With Amazon EMR versions 5.30.0 and higher (except for Amazon EMR 6.0.0), you can enable Amazon EMR managed scaling. Managed scaling lets you automatically increase or decrease the number of instances or units in your cluster based on workload. Amazon EMR continuously evaluates cluster metrics to make scaling decisions that optimize your clusters for cost and speed. Managed scaling is available for clusters composed of either instance groups or instance fleets.

Managed scaling availability

  • In the following AWS Regions, Amazon EMR managed scaling is available with Amazon EMR 6.14.0 and higher:

    • Asia Pacific (Hyderabad) (ap-south-2)

    • Asia Pacific (Jakarta) (ap-southeast-3)

    • Europe (Spain) (eu-south-2)

  • In the following AWS Regions, Amazon EMR managed scaling is available with Amazon EMR 5.30.0 and 6.1.0 and higher:

    • US East (N. Virginia) (us-east-1)

    • US East (Ohio) (us-east-2)

    • US West (Oregon) (us-west-2)

    • US West (N. California) (us-west-1)

    • Africa (Cape Town) (af-south-1)

    • Asia Pacific (Hong Kong) (ap-east-1)

    • Asia Pacific (Mumbai) (ap-south-1)

    • Asia Pacific (Seoul) (ap-northeast-2)

    • Asia Pacific (Singapore) (ap-southeast-1)

    • Asia Pacific (Sydney) (ap-southeast-2)

    • Asia Pacific (Tokyo) (ap-northeast-1)

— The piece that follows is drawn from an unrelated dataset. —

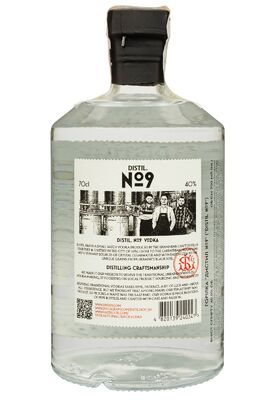Водка Distil №9 в подарочной коробке 0.7 л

    • Canada (Central) (ca-central-1)

    • South America (São Paulo) (sa-east-1)

    • Europe (Frankfurt) (eu-central-1)

    • Europe (Ireland) (eu-west-1)

    • Europe (London) (eu-west-2)

    • Europe (Milan) (eu-south-1)

    • Europe (Paris) (eu-west-3)

    • Europe (Stockholm) (eu-north-1)

    • China (Beijing) (cn-north-1)

    • China (Ningxia) (cn-northwest-1)

    • AWS GovCloud (US-East) (us-gov-east-1)

    • AWS GovCloud (US-West) (us-gov-west-1)

  • Amazon EMR managed scaling only works with YARN applications, such as Spark, Hadoop, Hive, and Flink. It doesn't support applications that are not based on YARN, such as Presto and HBase.

Managed scaling parameters

You must configure the following parameters for managed scaling. The limit only applies to the core and task nodes. You cannot scale the primary node after initial configuration.

  • Minimum (MinimumCapacityUnits) – The lower boundary of allowed EC2 capacity in a cluster. It is measured through virtual central processing unit (vCPU) cores or instances for instance groups. It is measured through units for instance fleets.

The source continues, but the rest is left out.